It was a very naïve world in the early Sixties and I was as naïve as any. When my English teacher said to me, “I’ve had a chat with the headmaster and we think you should go to drama school,” I said, “Oh, all right. I’ll go.” “No, no,” he said. “You have to pass an audition,” and I said, “Well, I’ll pass - what’s an audition?” That’s how naïve it was. And if you jump-cut up to 1991, 1992 when I was setting up my own company, I was equally naïve.
Obviously you use your head but there’s also the Holy Trinity of head, heart and balls
Tell me about your time the National Youth Theatre.
London during the late Fifties and Sixties was a very different time of life. It was thrilling. I mean, I was a Roman sergeant in Antony and Cleopatra at the Old Vic in 1965 with Helen Mirren playing Cleopatra - that was her great launch.
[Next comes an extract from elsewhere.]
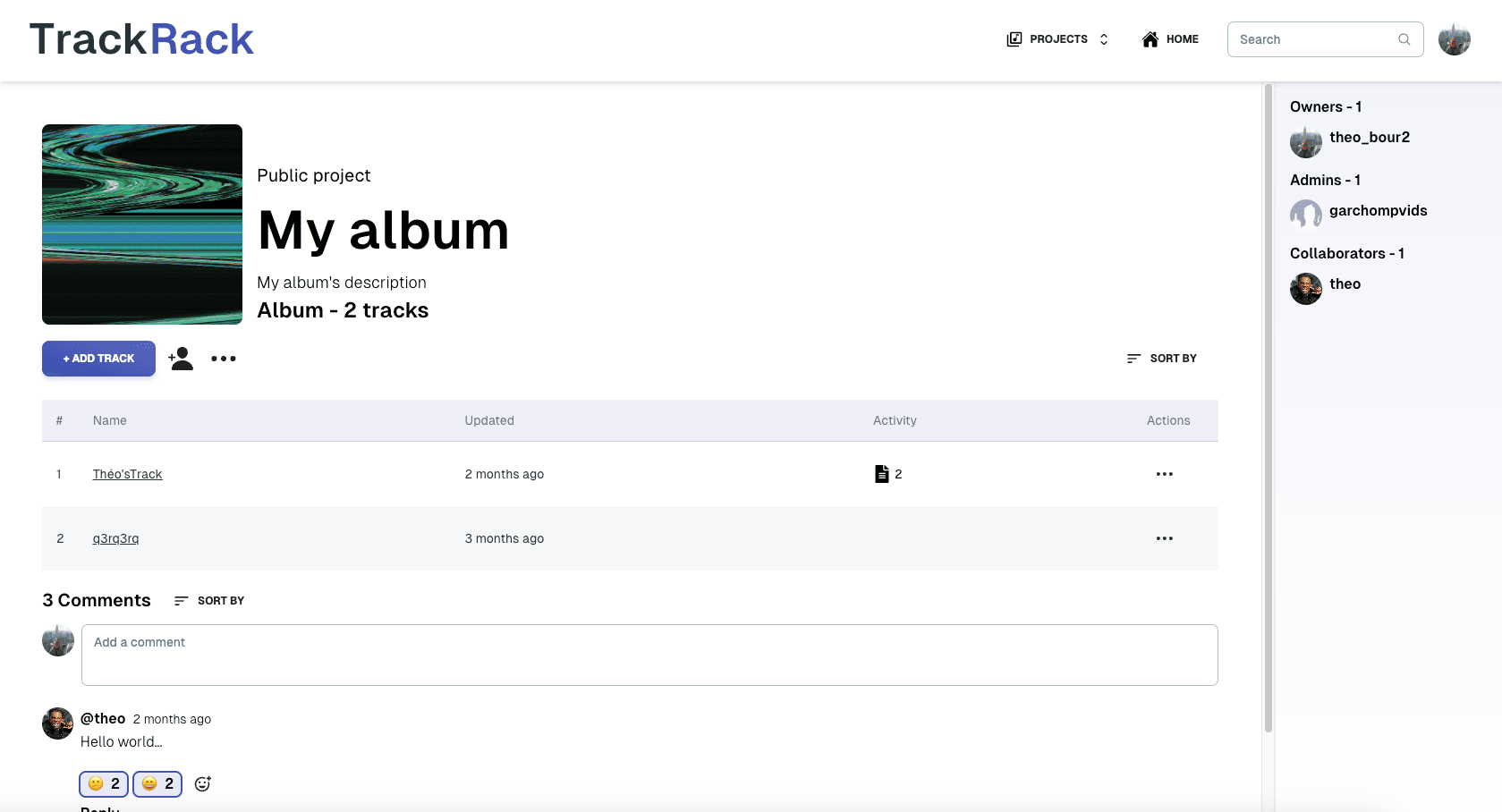TrackRack screenshot 1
She wore this sensational white dress and sure enough, every night a mammary would pop out of one side and the whole of the Roman army would be lined up in the wings to see which one it would be.
Did you enjoy Shakespeare at school?
Oh yes. In 1964, Shakespeare’s quarter-centenary, I played Macbeth at school. I enjoyed the language. I’d already had one year in the National Youth Theatre by then - I did Coriolanus at the Queen’s Theatre earlier that year, so I had a taste of it from Michael Croft. I went back for my final year of school and then went to the [National] Youth Theatre to do Anthony and Cleopatra in 1965 before going to college.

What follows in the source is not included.